## Dataset
********************

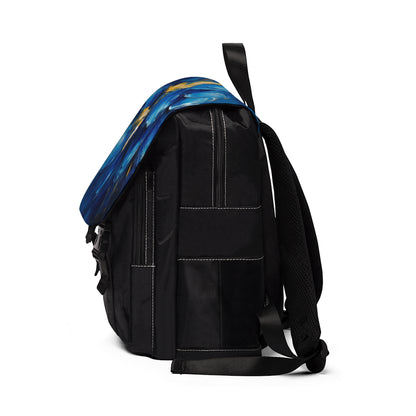 Abstract Wallpaper Unisex Casual Shoulder Backpack:Immersive Floral Beauty with Blue Orchid Motif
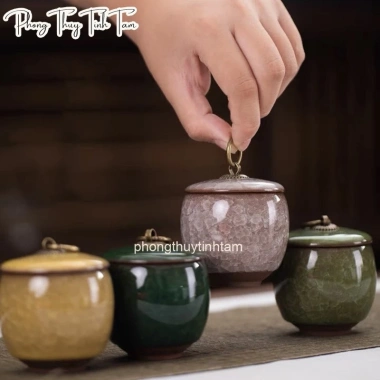 Hũ đựng trà gốm sứ men rạn cao cấp, phụ kiện trà đạo, trang trí nhà, giá 49.999đ 4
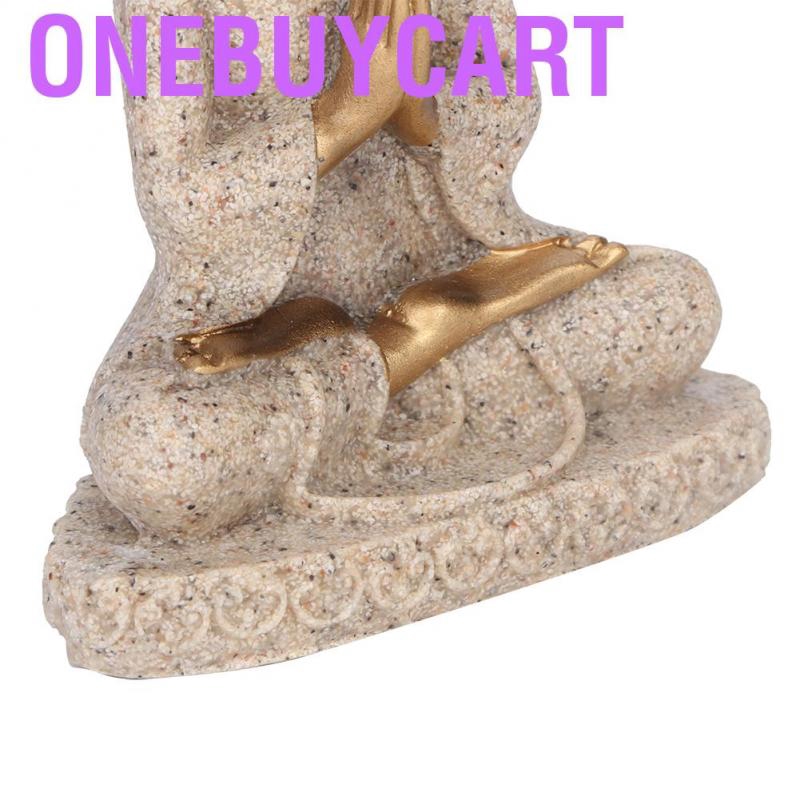 Onebuycart Buddha Statue Small Gold Meditate Sitting Carving Figurine Craft Sculpture for Home Office Decoration Table O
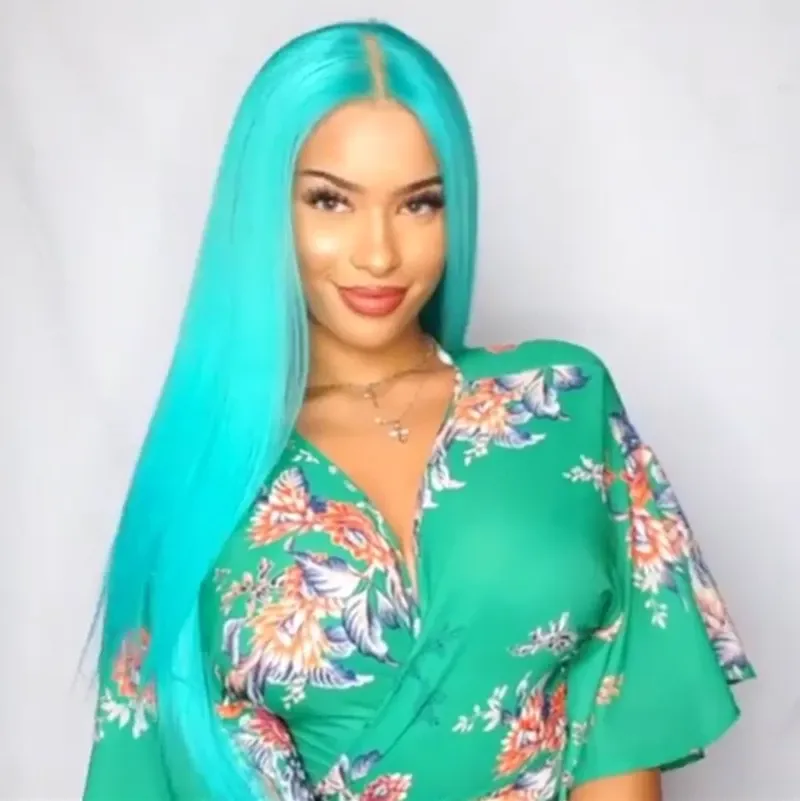Sky blue long straight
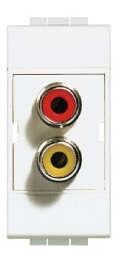 Prise RCA double jaune & rouge à souder 1 module blanc Living Light Bticino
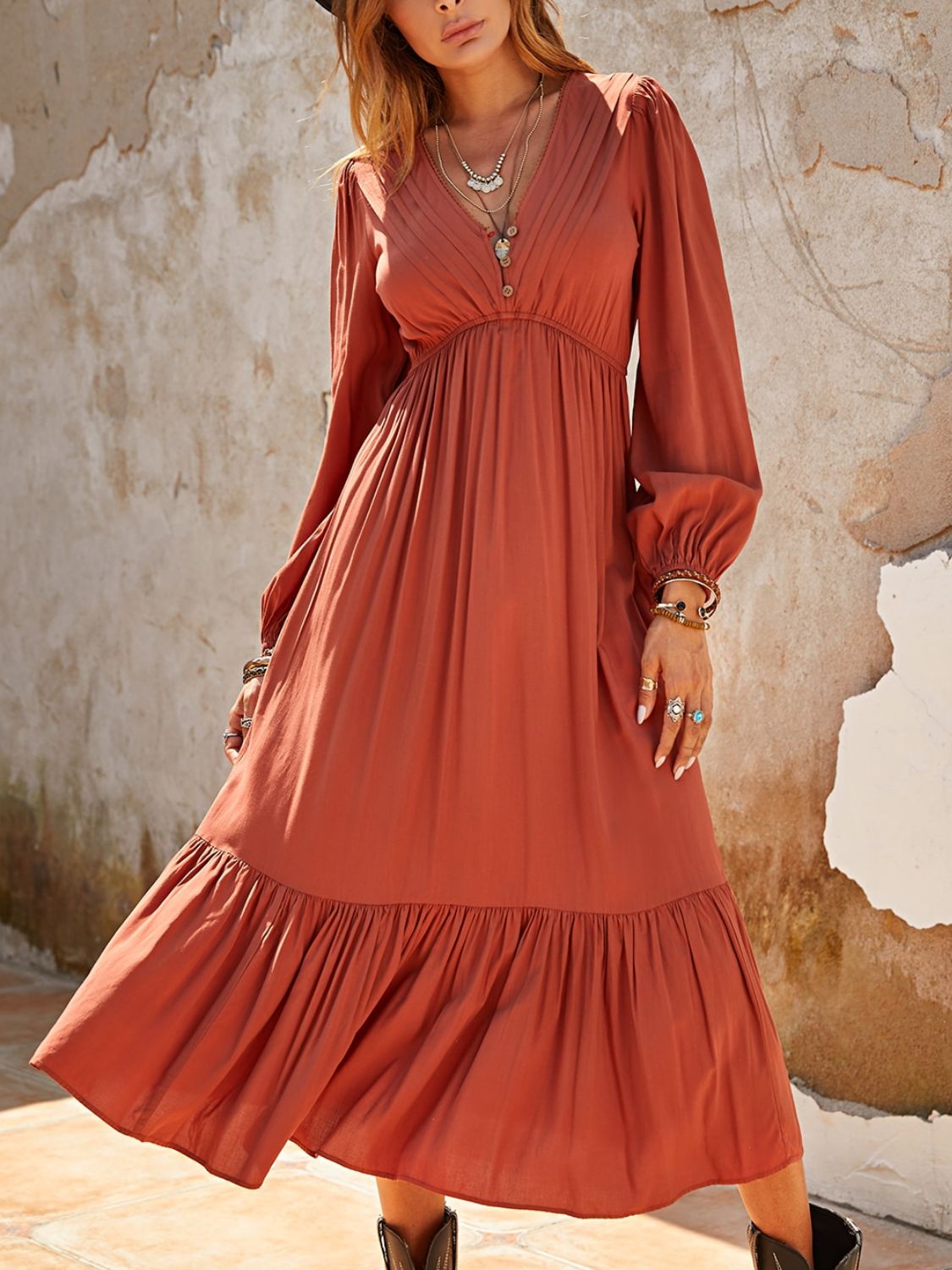 Ruched V-Neck Long Sleeve Midi Dress.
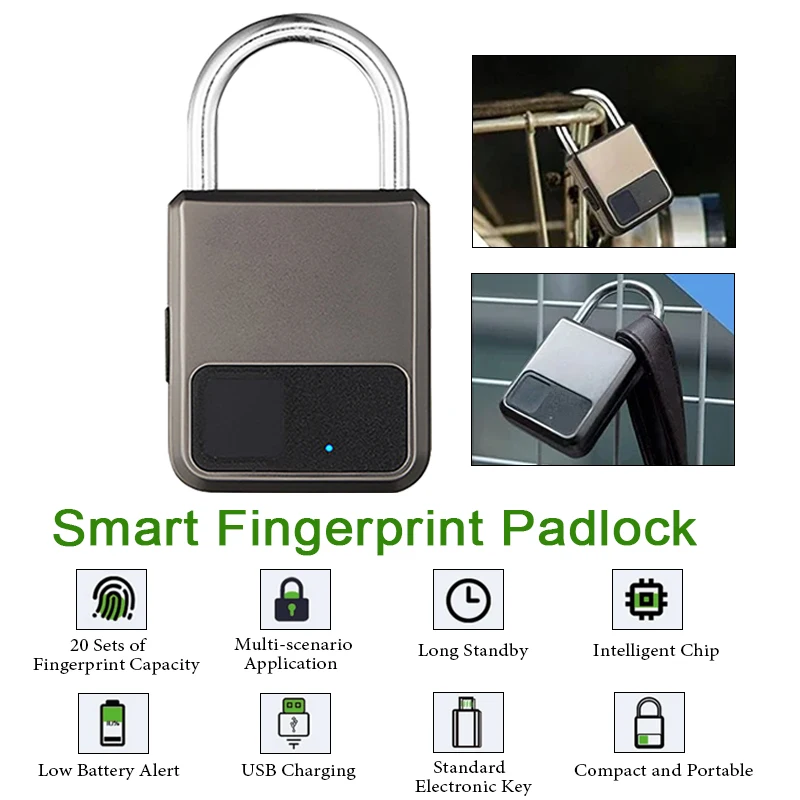 Portable Smart Fingerprint Padlock Waterproof Anti-Theft Locker Keyless Security Locker USB Charge For Bike Gym Locker Luggage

********************

## To do
Exactly as written, restate the lines from the one that contains "Hũ đựng trà" through the final line of the data, both ends included, but leave out the pictures.

## Exercise solution
 Hũ đựng trà gốm sứ men rạn cao cấp, phụ kiện trà đạo, trang trí nhà, giá 49.999đ 4
 Onebuycart Buddha Statue Small Gold Meditate Sitting Carving Figurine Craft Sculpture for Home Office Decoration Table O
Sky blue long straight
 Prise RCA double jaune & rouge à souder 1 module blanc Living Light Bticino
 Ruched V-Neck Long Sleeve Midi Dress.
 Portable Smart Fingerprint Padlock Waterproof Anti-Theft Locker Keyless Security Locker USB Charge For Bike Gym Locker Luggage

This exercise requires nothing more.